INPUT MATERIAL:
Segment Open

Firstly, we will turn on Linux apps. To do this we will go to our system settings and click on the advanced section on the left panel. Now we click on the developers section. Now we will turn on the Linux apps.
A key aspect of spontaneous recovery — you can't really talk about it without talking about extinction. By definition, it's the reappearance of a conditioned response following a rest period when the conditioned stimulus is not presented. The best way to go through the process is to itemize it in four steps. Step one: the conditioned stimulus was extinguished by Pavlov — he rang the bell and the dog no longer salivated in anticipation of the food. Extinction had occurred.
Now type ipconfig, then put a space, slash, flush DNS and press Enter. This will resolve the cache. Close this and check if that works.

Segment Closed
Segment Open

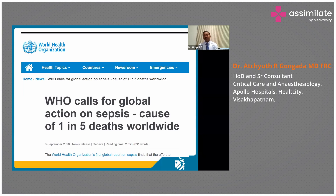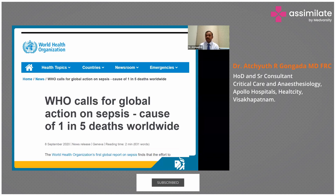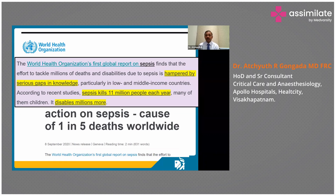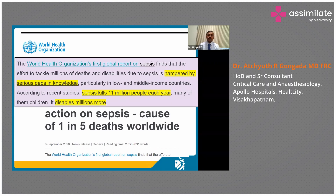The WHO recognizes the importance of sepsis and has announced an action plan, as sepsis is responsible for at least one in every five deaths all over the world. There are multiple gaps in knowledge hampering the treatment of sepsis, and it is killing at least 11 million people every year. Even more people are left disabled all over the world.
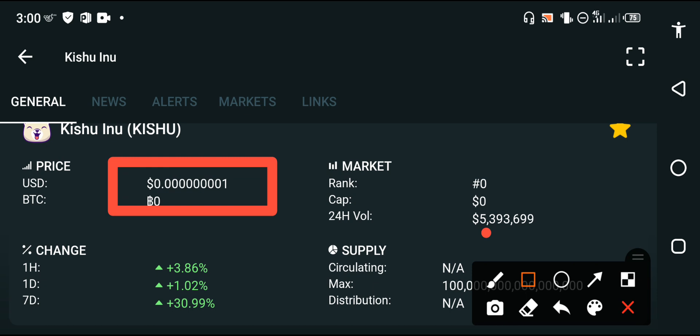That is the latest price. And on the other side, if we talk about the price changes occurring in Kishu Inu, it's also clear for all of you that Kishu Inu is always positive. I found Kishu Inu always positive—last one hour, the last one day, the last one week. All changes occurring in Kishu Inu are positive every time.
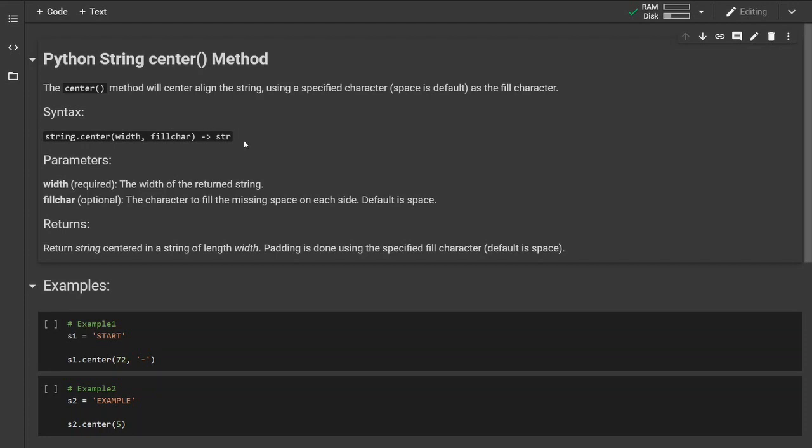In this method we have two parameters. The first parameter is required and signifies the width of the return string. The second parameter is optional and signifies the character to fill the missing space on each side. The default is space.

Segment Closed
Segment Open

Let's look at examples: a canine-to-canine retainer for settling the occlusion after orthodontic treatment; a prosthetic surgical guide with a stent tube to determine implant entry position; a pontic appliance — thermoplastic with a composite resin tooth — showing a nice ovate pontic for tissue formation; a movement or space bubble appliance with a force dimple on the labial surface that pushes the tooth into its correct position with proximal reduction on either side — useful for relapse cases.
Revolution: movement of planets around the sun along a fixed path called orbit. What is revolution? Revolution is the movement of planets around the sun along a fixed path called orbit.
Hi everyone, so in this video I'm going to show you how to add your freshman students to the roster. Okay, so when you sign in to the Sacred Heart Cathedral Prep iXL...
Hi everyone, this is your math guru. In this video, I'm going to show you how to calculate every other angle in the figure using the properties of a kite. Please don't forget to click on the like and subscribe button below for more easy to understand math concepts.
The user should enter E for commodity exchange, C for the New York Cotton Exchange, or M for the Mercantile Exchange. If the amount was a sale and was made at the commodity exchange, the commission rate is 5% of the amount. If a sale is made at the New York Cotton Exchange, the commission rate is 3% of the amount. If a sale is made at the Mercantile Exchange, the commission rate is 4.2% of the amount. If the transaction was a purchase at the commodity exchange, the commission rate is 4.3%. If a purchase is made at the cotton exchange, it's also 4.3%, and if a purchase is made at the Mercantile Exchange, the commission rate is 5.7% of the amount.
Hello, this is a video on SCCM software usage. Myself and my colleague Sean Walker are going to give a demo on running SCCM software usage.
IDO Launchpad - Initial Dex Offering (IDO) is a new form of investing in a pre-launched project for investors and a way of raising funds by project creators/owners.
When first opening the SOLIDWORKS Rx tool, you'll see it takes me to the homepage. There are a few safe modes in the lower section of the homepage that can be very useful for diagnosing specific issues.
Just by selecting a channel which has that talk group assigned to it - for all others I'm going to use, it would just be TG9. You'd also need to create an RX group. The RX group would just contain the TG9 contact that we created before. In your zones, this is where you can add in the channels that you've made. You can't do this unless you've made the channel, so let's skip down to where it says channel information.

Segment Closed

WORK REQUIRED:
Only those lines of the entries above that run from the line containing "Hello, this is" to the line containing "When first opening", both included, should be transcribed exactly.

EXERCISE RESPONSE:
Hello, this is a video on SCCM software usage. Myself and my colleague Sean Walker are going to give a demo on running SCCM software usage.
IDO Launchpad - Initial Dex Offering (IDO) is a new form of investing in a pre-launched project for investors and a way of raising funds by project creators/owners.
When first opening the SOLIDWORKS Rx tool, you'll see it takes me to the homepage. There are a few safe modes in the lower section of the homepage that can be very useful for diagnosing specific issues.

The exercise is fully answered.